Why did the September 11th al-Qaeda attacks happen?
The terrorist attacks on New York and Washington on September 11th 2001 became synonymous with two simple numbers and from then on the attacks were simply known as 9/11. But why did Al-Qaeda choose the United States of America? Why didn’t they choose the United Kingdom, France, Brazil or China for their most devastating attack ever? The subject of this blog post will explore the reasons why 9/11 happened. They are not excuses for an inexcusable, unfathomable series of events that took place 8 years ago this week. They are objective explanations seeking clarity around the chain of events spreading back twenty-five years, which culminated in America being subject to the attack. By looking to the past we can learn why things happened and maybe even take lessons from that to stop the cycle happening all over again in the future. Adding to this the fact that American policy in Afghanistan is currently yielding fairly disastrous results and regular casualties for all the coalition forces, this is an appropriate time to question why the 9/11 attacks happened and whether American can take any lessons for the future from how we got to 9/11?
How was Cold War policy linked to the 9/11 attacks?
The term blowback has been associated with this idea that the costs and consequences of U.S interventionist foreign policies and military overextension have made life more dangerous for them. In a 1998 fatwa, issued by bin Laden, he announced that the American actions in the Middle East were a, “clear declaration of war on God, his messenger and Muslims.” It is important to understand the contextual importance of U.S foreign policy in the Middle East in this era. Richard Clarke, a disillusioned member of the Bush administration, argued that to understand why the Islamic movement has chosen America as its target, it is necessary to analyse events form the last twenty-five years and particularly, American actions influenced by the Soviet invasion of Afghanistan and the impact of the Iranian Revolution.

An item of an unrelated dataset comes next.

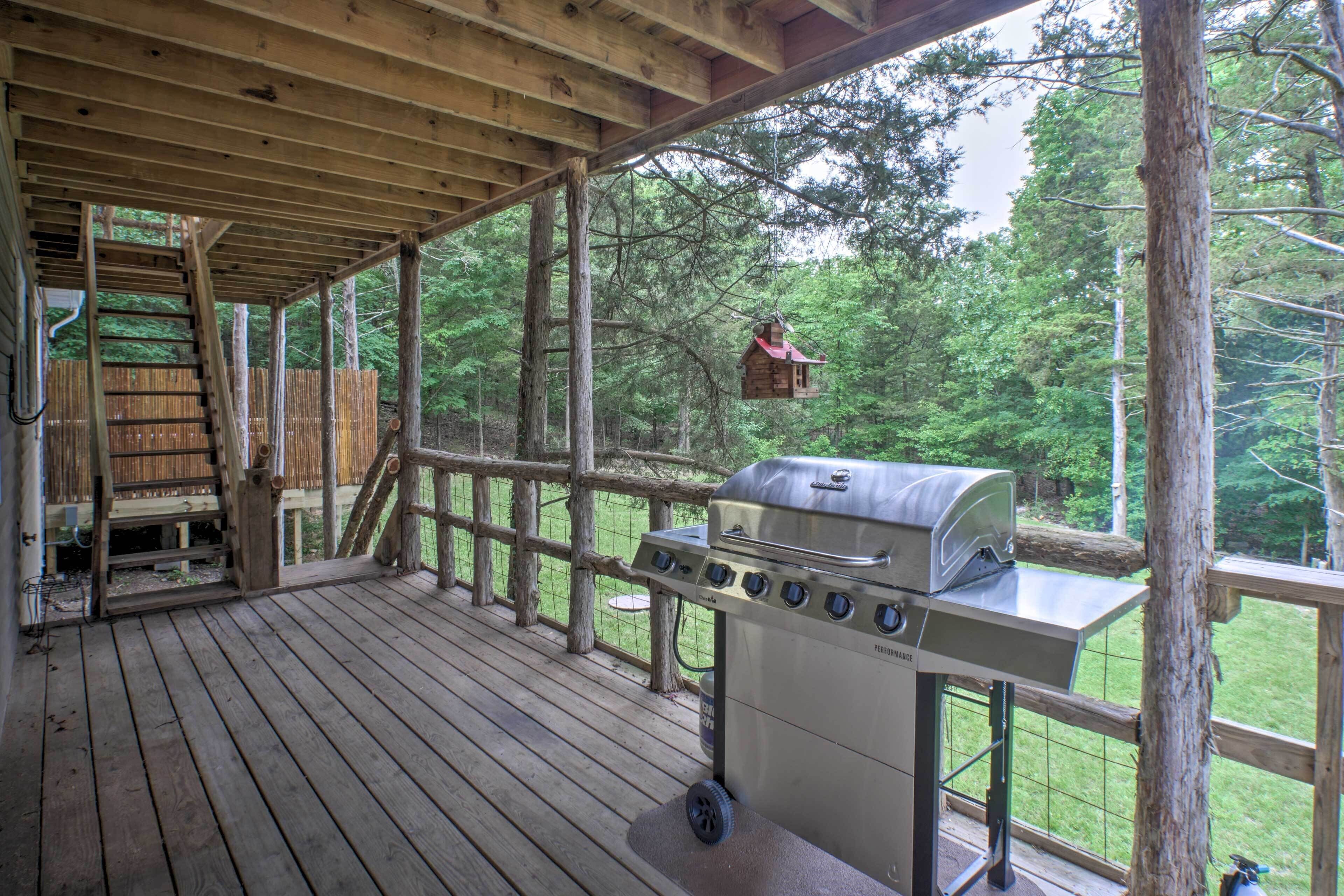 A covered wooden deck with a barbecue grill and a birdhouse.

A proxy war in Afghanistan against the Soviets: ISI given too much control rather than CIA?
Much has been made of the funding doled out by the Interservices Intelligence (ISI) agency of Pakistan and whether the U.S should have maintained stricter role in the supervision of that funding. The CIA and ISI cooperated very closely during the Regan years and over the conflict in Afghanistan and it is important to note that all CIA funding was channelled through the ISI. CIA personnel were not allowed to enter Afghanistan. There are three criticisms of the U.S policy, which can be linked to the 9/11 attacks here. Firstly, the U.S was not forward thinking enough in allowing the ISI to recruit anyone from anywhere in the world to fight against the Soviet’s. Secondly, the ISI had too much control and used the funding to arm the most extreme and radical of the Mujahideen groups. Thirdly, the United States did not consider what the proxy army of Arab fighters they had helped create would do after the conflict.

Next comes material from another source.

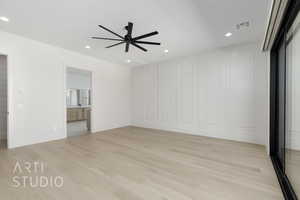 Unfurnished bedroom featuring light wood-style floors, a ceiling fan, recessed lighting, and ensuite bathroom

The CIA and ISI were willing to recruit Islamic extremists to a cause that was not theirs, although they adopted it. Funding to the ISI in 1982 was only $35 million and by 1987 it had reached between $600 and $700 million. Involvement of the Saudi’s was seen as a prudent move by Regan to reduce the financial cost of the conflict, as the Saudi’s matched U.S aid equally. However, as I have noted, it had consequences in leading to the 9/11 attacks. The ISI was given the role of helping the U.S to win its proxy war and defeat the Soviet’s. The U.S engaged in drafting in a proxy army. Fighters were engaged from all over the world including Saudis, Egyptians and other Arab states. America helped seek the importation into Afghanistan and Pakistan of an army of Arab fighters
There was no monitoring or regulation of who was in Afghanistan fighting on behalf of the Americans. During the jihad, anyone was welcomed with open arms. There was negligence on the part of the U.S in turning a blind eye to the recipients of the aid and the background of the fighters who were recruited. The CIA and ISI effectively privatized the recruitment of Islamic extremists through Islamic charities and religious bodies. The U.S were responsible for allowing particular sights in the U.S, including the al-kifah refugee centre in New York to be turned into a key centre for, “recruiting and fund raising for the Afghanistan jihad.” Among the lead recruiters were Sheik Omar Abdel Rahman and Sheik Abdullah Azzam. Azzam went on to found Hamas.

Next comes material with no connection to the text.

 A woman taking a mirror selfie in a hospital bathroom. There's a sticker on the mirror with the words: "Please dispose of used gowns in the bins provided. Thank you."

Furthermore, the CIA was too dependent on the ISI and they had too much control over allocation of resources. Saudi and U.S assistance was funnelled through the ISI who helped distribute arms and train the fighters. Considering the financial backing the U.S and the Saudis were providing, they should have had more of a say over where the funds went. Beyond the ISI connection to Wahabbism, like Saudi Arabia, Pakistan had a fear of Pashtun-driven Afghan nationalism and wanted social order in Afghanistan and wanted a strong Islamic state. The autonomy the U.S gave the ISI over funding meant that they could aid their causes while also trying to help the U.S win the war. It was a case of coincidental causes.
The ISI favoured arming the extremist group, Hizb-I-Islami, the group headed by Gulbuddin Hekmatyar. That group was the primary beneficent of the ISI’s system of allocation of aid and was a vehemently anti-American group. I think this was short sighted of the Americans to help aid extremist Islamic groups. In the same way the U.S forged a World war II alliance with Stalin but was still wary of his actions, and sought to contain him after the end of the war, the U.S should have realised how pragmatic their approach was an been more aware of the consequences. Hartman explained that the nature of the U.S Cold War alliances ensured that the, “U.S money and weapons programmes would solidify the growing pan-Islam movement, more commonly referred to as Islamism.” I agree with state department Afghanistan specialist Eliza Van Hollen, who argued that the CIA should have held firm against the ISI and not allowed it to direct its weapons to favoured groups.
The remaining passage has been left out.